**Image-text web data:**
━━━

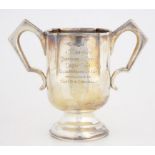 A GEORGE V SILVER TROPHY CUP, 12CM H, BIRMINGHAM 1910, 4OZS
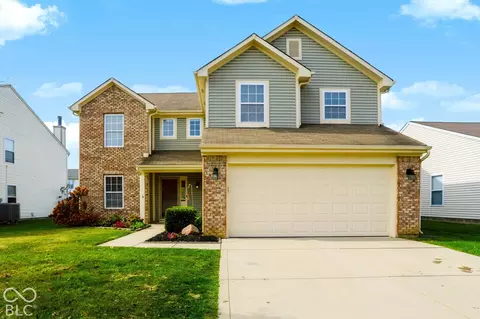 14226 Gentry Dr, Fishers, IN 46038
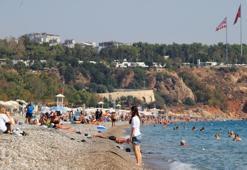 Ekimin son günlerinde yazdan kalma günler! Fırsatını bulanlar kendini denize attı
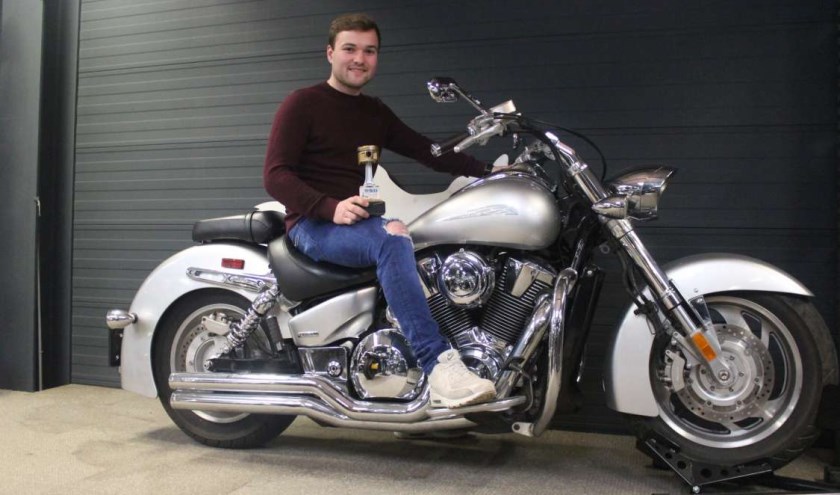 Nick Woppenkamp wint Europees kampioenschap motortechniek.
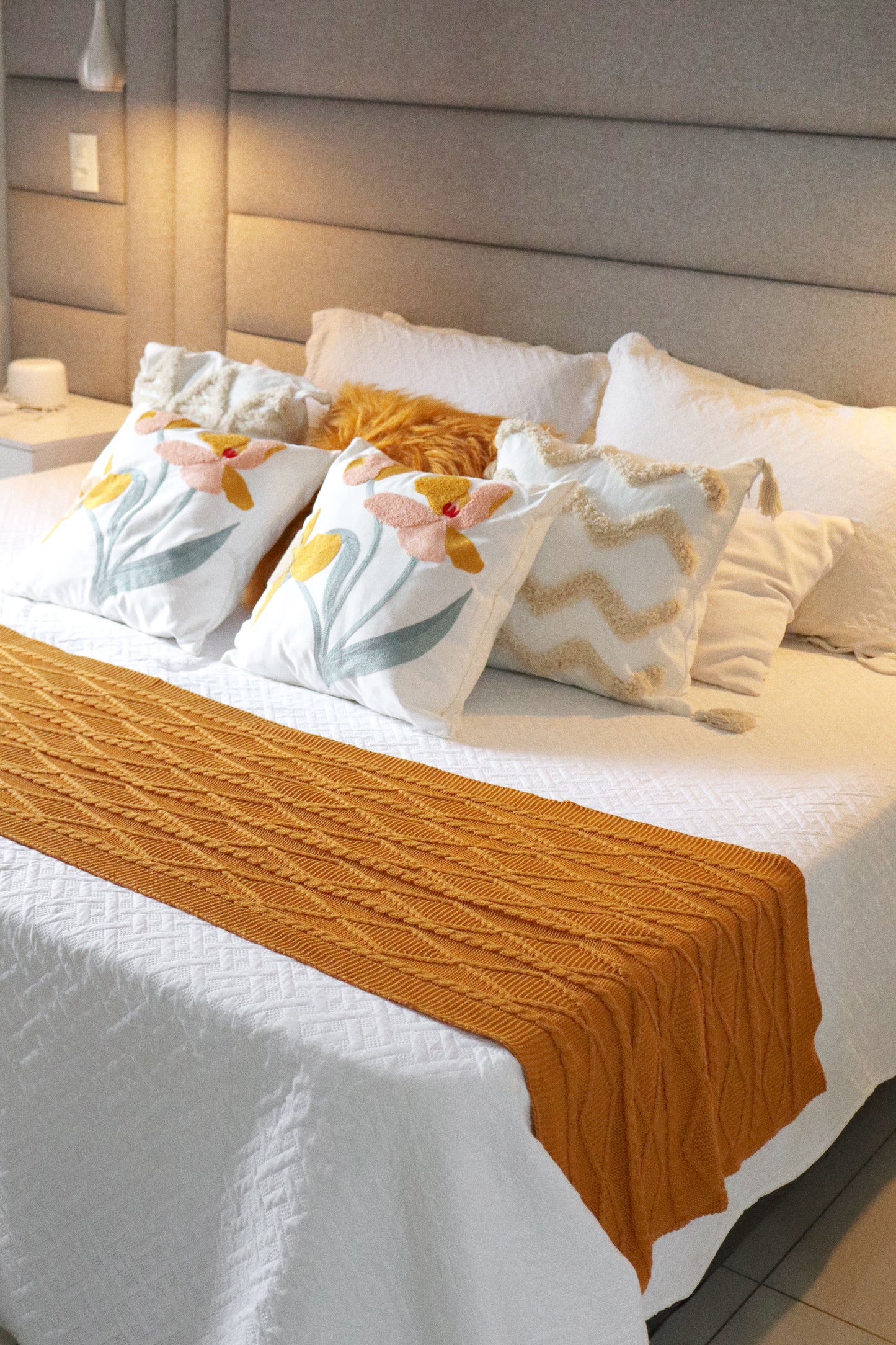 Peseira de Tricô Carrancas 0,60x2,30m Mostarda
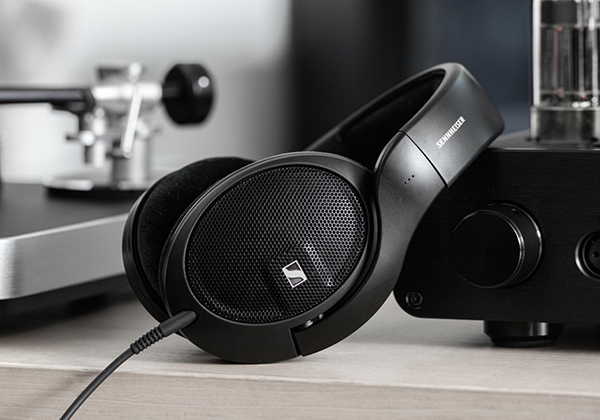 Sennheiser HD560 S Audiophile Headphones with Open-back Earcups and Detachable Cable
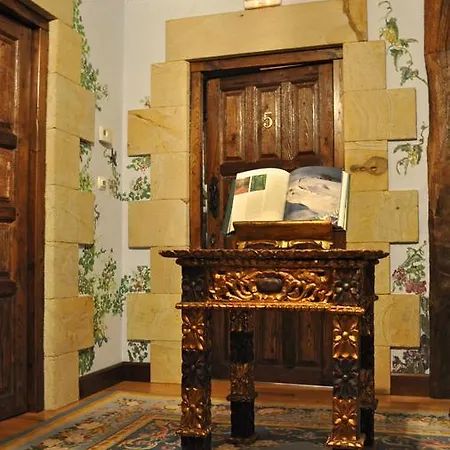 Palacio De Trasvilla Hotel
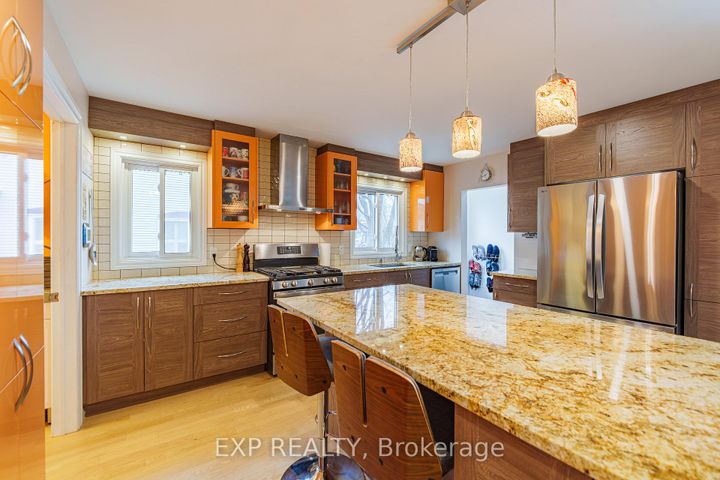 Photo 11 at 1592 Apeldoorn Avenue, Nepean (Carleton Heights), Ottawa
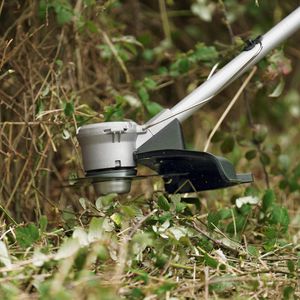 Produktbild für Rasentrimmer Bosch AdvancedBrushCut 36V, Akku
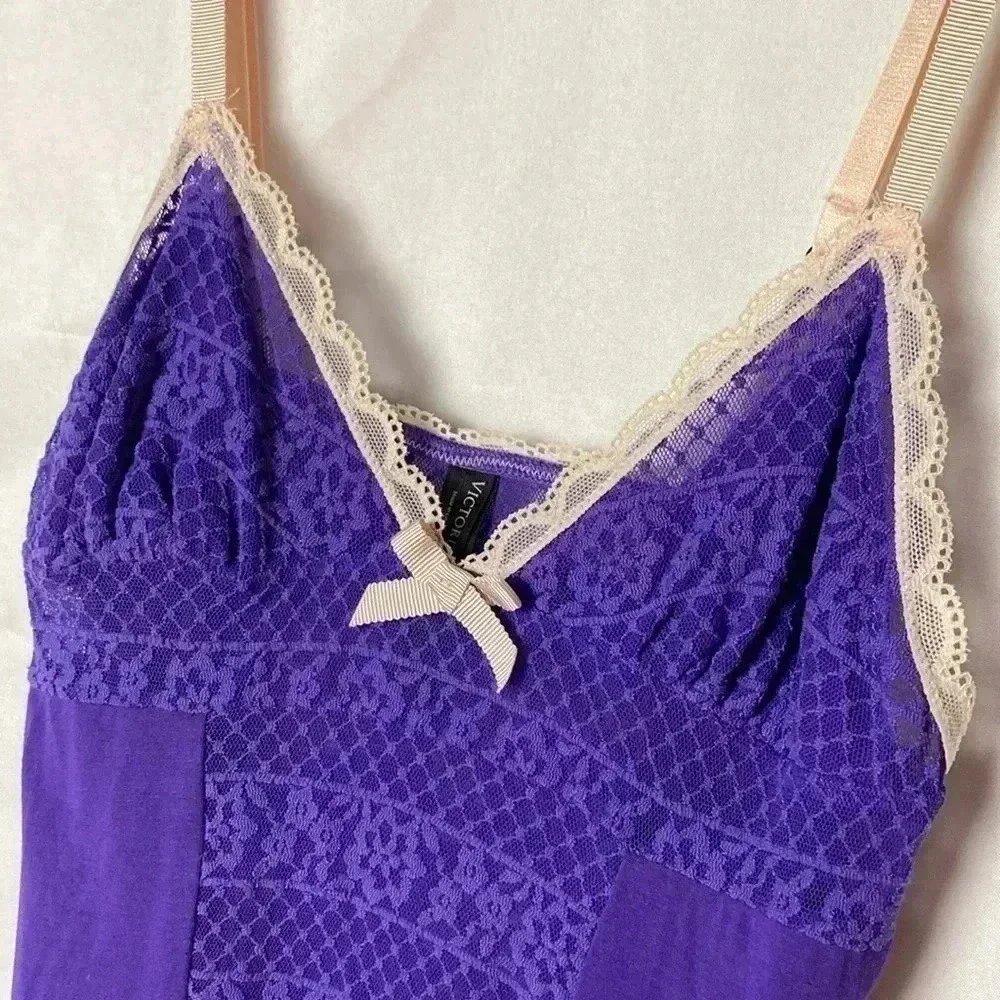 Victoria‎ secret night gown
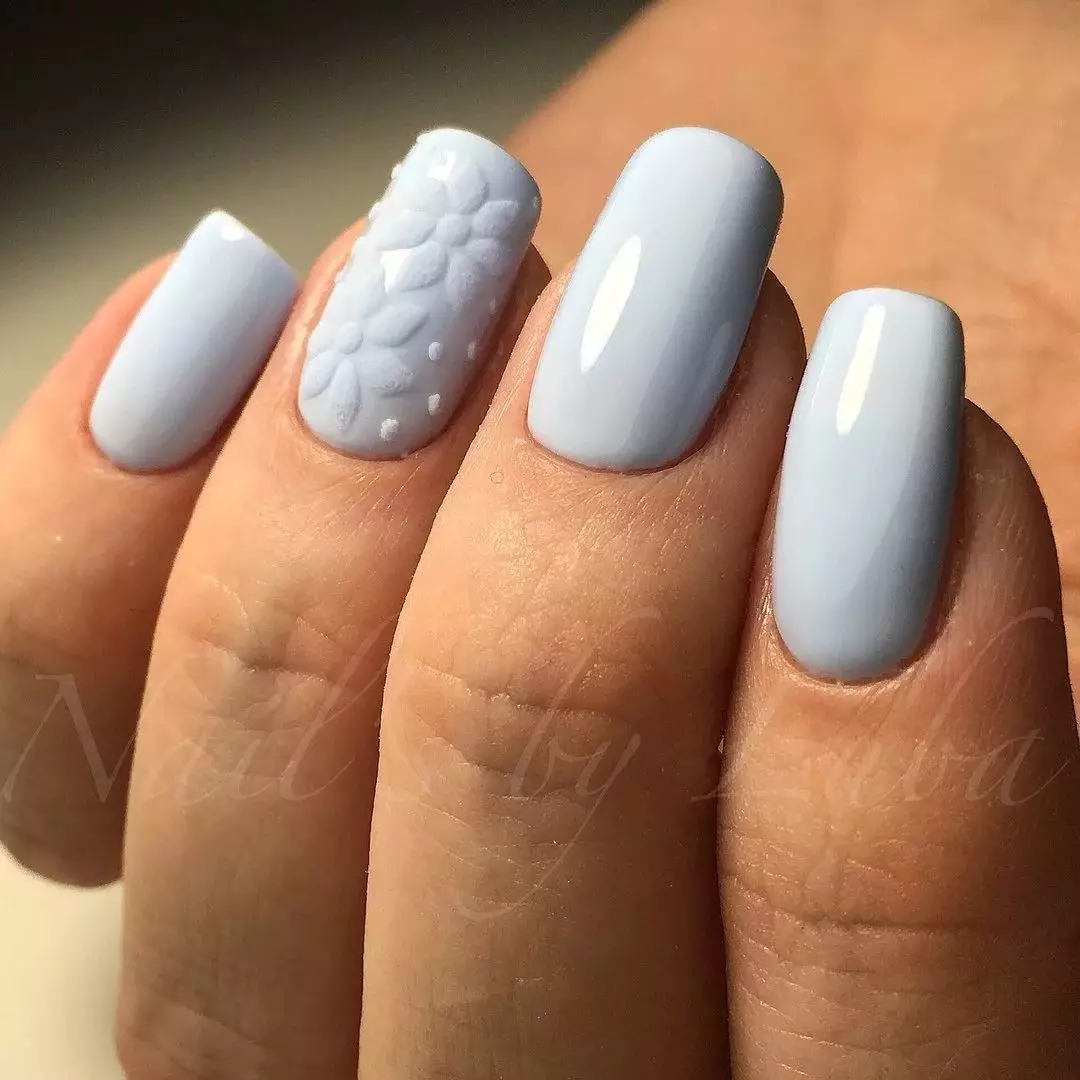 Boksed Monofoniczny paznokcie (21 zdjęć): Design Manicure z mdłości paznokci, opcje rysowania 6596_9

━━━

**Directions for this task:** Repeat every record above exactly, except the pictures.

**Response box:**
 A GEORGE V SILVER TROPHY CUP, 12CM H, BIRMINGHAM 1910, 4OZS
 14226 Gentry Dr, Fishers, IN 46038
 Ekimin son günlerinde yazdan kalma günler! Fırsatını bulanlar kendini denize attı
 Nick Woppenkamp wint Europees kampioenschap motortechniek.
 Peseira de Tricô Carrancas 0,60x2,30m Mostarda
 Sennheiser HD560 S Audiophile Headphones with Open-back Earcups and Detachable Cable
 Palacio De Trasvilla Hotel
 Photo 11 at 1592 Apeldoorn Avenue, Nepean (Carleton Heights), Ottawa
 Produktbild für Rasentrimmer Bosch AdvancedBrushCut 36V, Akku
 Victoria‎ secret night gown
 Boksed Monofoniczny paznokcie (21 zdjęć): Design Manicure z mdłości paznokci, opcje rysowania 6596_9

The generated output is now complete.